Plaintiff says she later received a letter from Willard saying Defendant did
not have a disclaimer from her but that she was never the beneficiary of Policy
No. 7645511.
Plaintiff alleges Defendant destroyed or otherwise hid the amended
policies which named her as beneficiary.
Defendant argues it issued two annuity policies. It contends Clarence was
the annuitant/owner of one of the policies (Policy No. 7645511) and that its
proceeds were paid out to the actual designated beneficiary, who was not
Plaintiff, when Clarence died. Defendant avers the annuitant/owner of the
second policy was Junior and that that annuity was paid in the form of a
surrender at Junior's request.

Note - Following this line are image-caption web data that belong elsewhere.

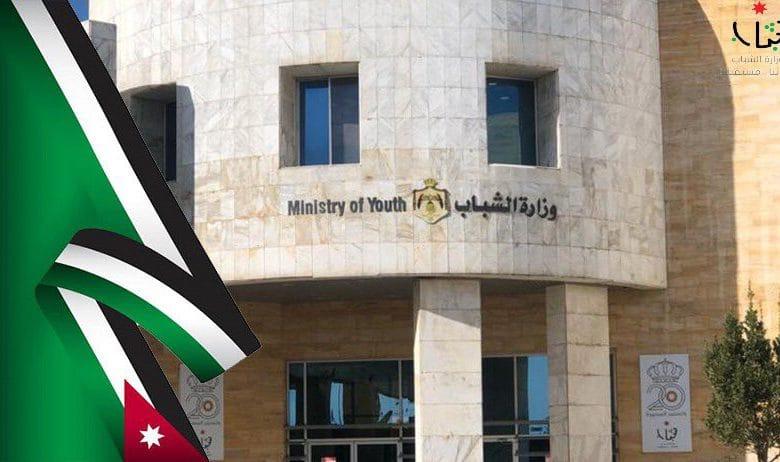 بيوت الشباب جاهزة لإعلانها كمراكز إيواء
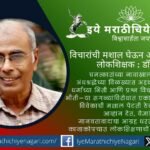 Remembering Dr. Narendra Dabholkar, a rationalist and social educator who fought superstition, promoted scientific temper, equality, humanity and critical thinking in Maharashtra.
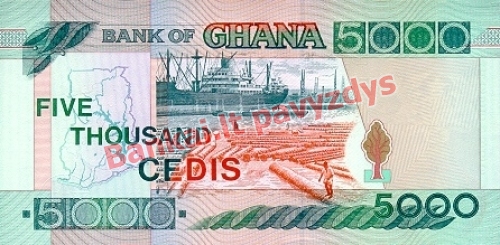 5000 Sedžių banknoto galinė pusė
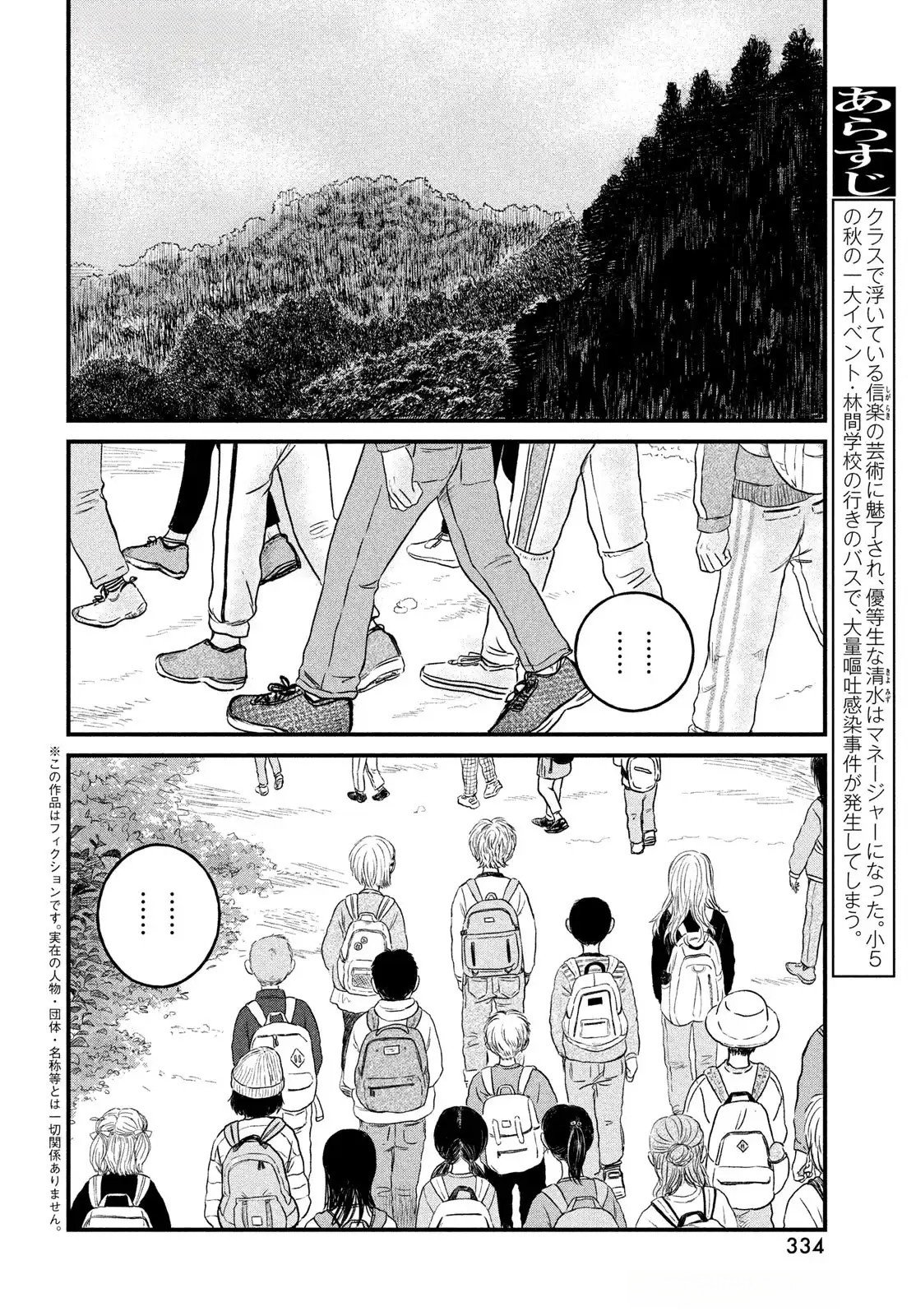 Dokudami no Hana Saku Koro Chapter 15 2ページ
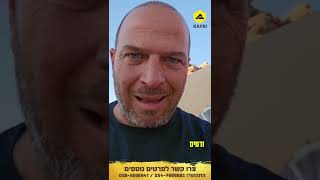 ההכנות לטיולי ירדן 2023 בעיצומן! באוקטובר הקרוב מתחילים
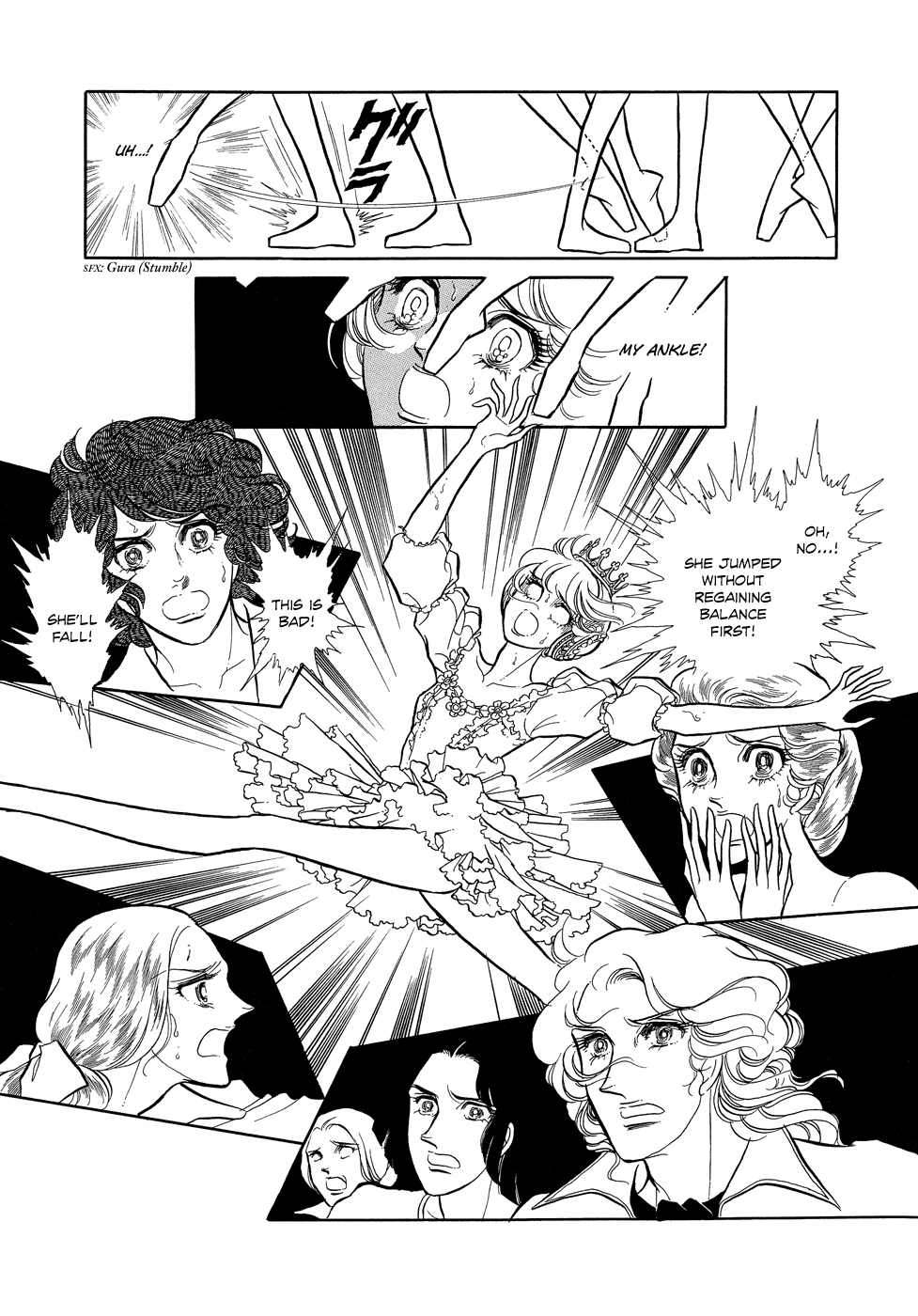 SWAN Vol. 1 Ch. 2 第4页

Defendant argues Plaintiff therefore never had any
interest or rights under either annuity.
The benefits under the annuity policies amount to at least $150,133.66.
II.
STANDARD OF REVIEW
Magistrate Judge King issued the R&R pursuant to Federal Rule of Civil
Procedure 72(b ). Under that rule, the undersigned must determine de novo any
part of the Magistrate Judge's disposition that has been properly objected to.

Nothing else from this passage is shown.